Bei Ihnen werden im Moment die neue Nase und die neuen Gesichtszüge betont. Das ist ganz normal, daran können Sie nichts ändern. Ihr Auge und Ihre Wahrnehmung brauchen Zeit, sich daran zu gewöhnen. Sie können diesen Prozess beschleunigen, indem Sie die neue Nase willkommen heissen in Ihrem Gesicht. Das mag jetzt vielleicht absurd klingen, aber unser Unterbewusstsein wird kooperativ, wenn es spürt, dass der neue Gast ein willkommener ist. Das bedeutet nicht, dass Sie sich im Spiegel ins Gesicht lügen müssen und sich selber einreden, wie grossartig Sie die neue Nase finden. Aber eine Einstellung, welche die Veränderung annimmt und das neue Aussehen integrativ behandelt, wird es Ihnen sehr viel leichter machen. Fangen Sie mit einem Satz an, den Sie mit Überzeugung denken und aussprechen können. So einer könnte heissen: «Ich bin lernfähig und kann mich an mein neues Äusseres gewöhnen». Oder aber: «Ich kann darauf vertrauen, dass ich mich an diese Veränderung gewöhnen werde, so wie an viele andere in meinem Leben».

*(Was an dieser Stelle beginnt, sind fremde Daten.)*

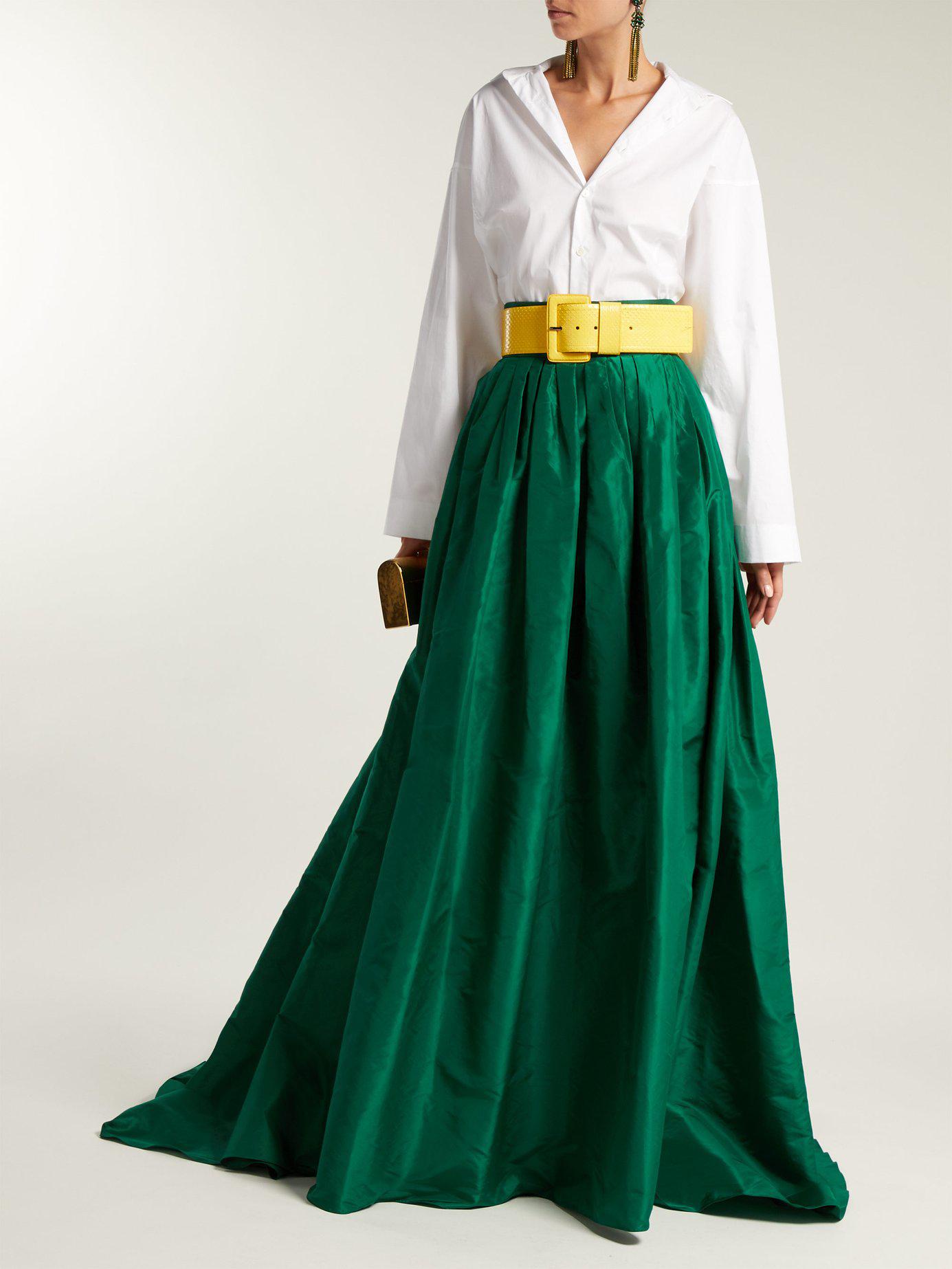 Carolina Herrera High Rise Silk Taffeta Ball Gown Skirt in Green - Lyst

Suchen Sie sich einen Satz, der bei Ihnen keinen Widerstand auslöst. Das Unterbewusstsein sträubt sich in der Regel gegen Sätze, die zu ambitioniert sind. Aber es weiss, dass Sie in Ihrer Vergangenheit schon sehr viel gelernt haben und oft mit Veränderungen klarkommen mussten. Darum wird es einen Satz in der vorgeschlagenen Art eher akzeptieren. Machen Sie sich diesen Satz zu Ihrem persönlichen Mantra. Schreiben Sie ihn auf einen Zettel und tragen Sie ihn mit sich herum. Sagen Sie den Satz immer wieder auf. Zuhause laut, im Bus ganz leise. Seien Sie geduldig mit sich und geben Sie sich genügend Zeit. Sie sind 23 Jahre lang mit einem anderen Gesicht herumgelaufen, es wird ein paar Monate brauchen, bis Sie sich an das neue gewöhnt haben. Sie werden sehen, dass es Ihnen helfen wird, wenn Sie sich gut zureden. Es gibt zig Studien, die beweisen, dass wir Menschen uns durch unsere Gedanken und unsere Aussagen beeinflussen können. Nutzen Sie diese Tatsache zu Ihren Gunsten und denken Sie und reden Sie so lieb wie möglich über sich. Egal, ob Sie gut oder schlecht über sich reden, Ihre Worte werden zur Wahrheit! Darum wählen Sie diese mit Bedacht!